§ SOURCE MATERIAL
------------------------------------

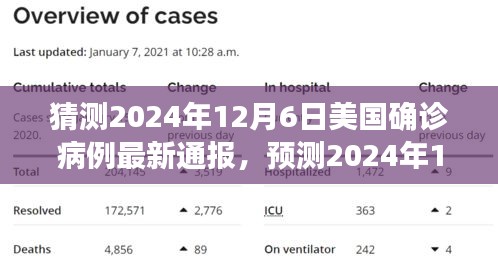 2024年12月6日美國新冠疫情預測與洞察，最新數據、趨勢分析及關鍵洞察
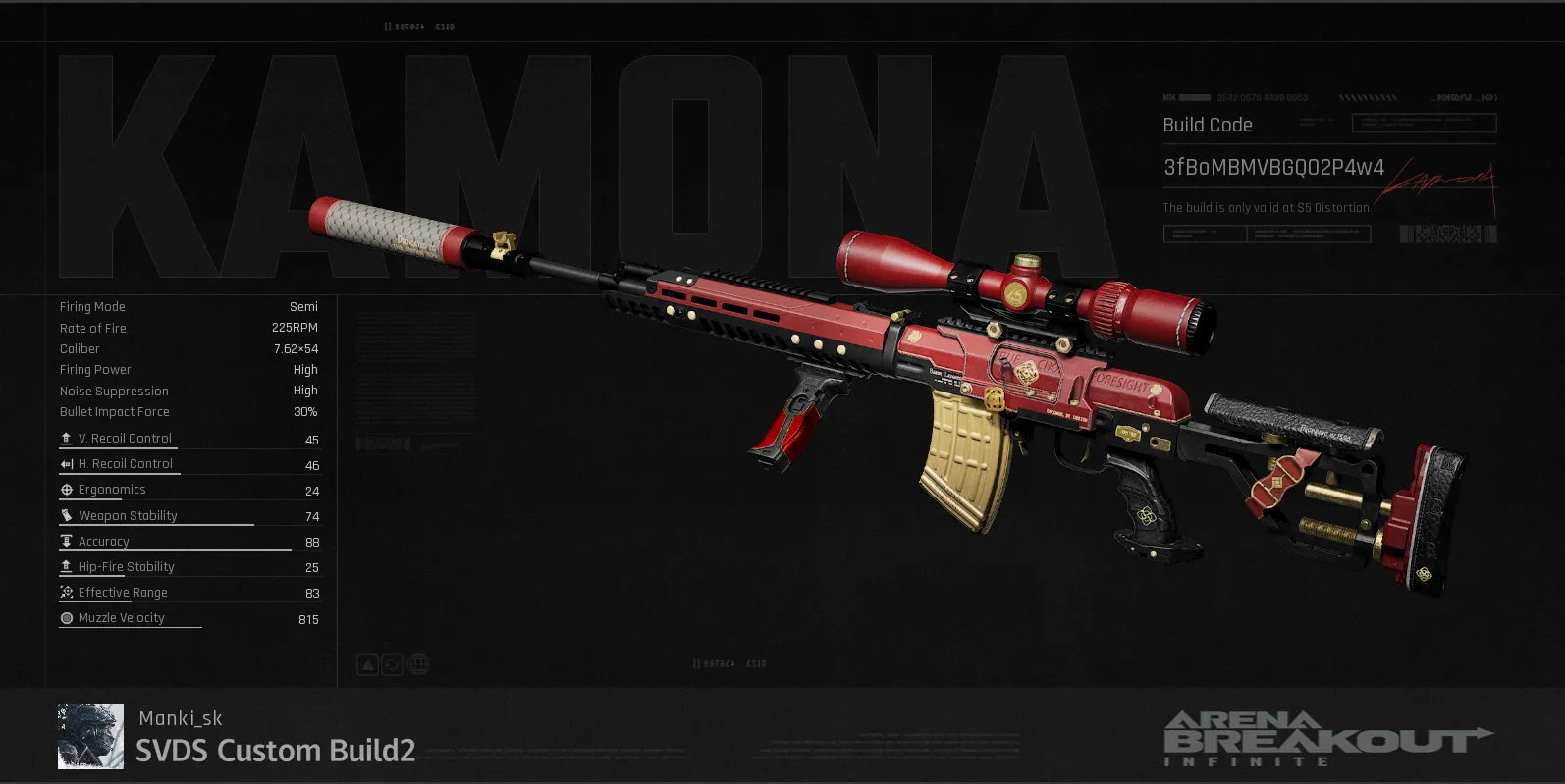 SVDS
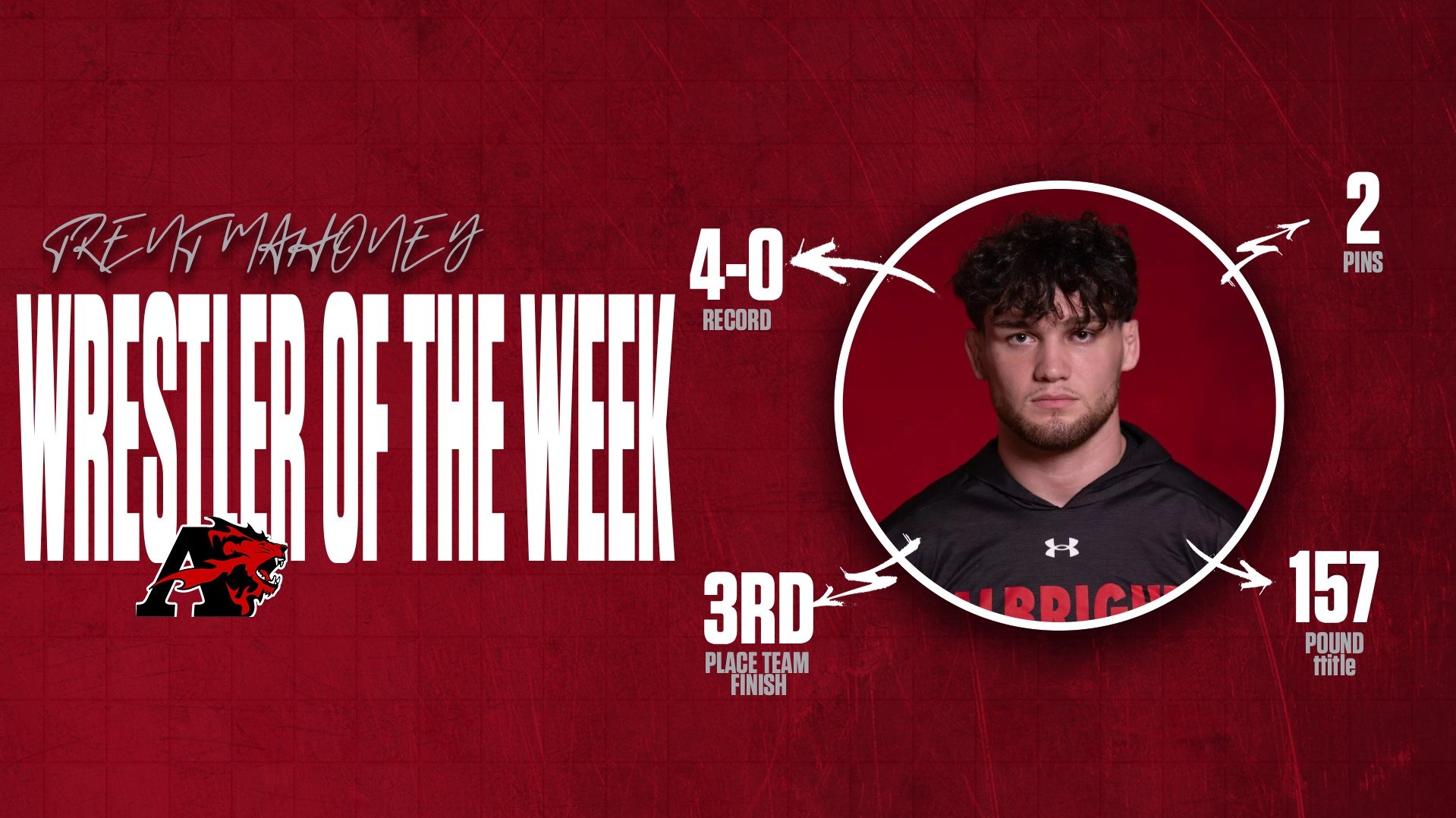 Mahoney Pow 12.9.2025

------------------------------------

§ WORK INSTRUCTION
Output the data above in full and exactly, with every image left out.

§ TASK OUTPUT
 2024年12月6日美國新冠疫情預測與洞察，最新數據、趨勢分析及關鍵洞察
 SVDS
 Mahoney Pow 12.9.2025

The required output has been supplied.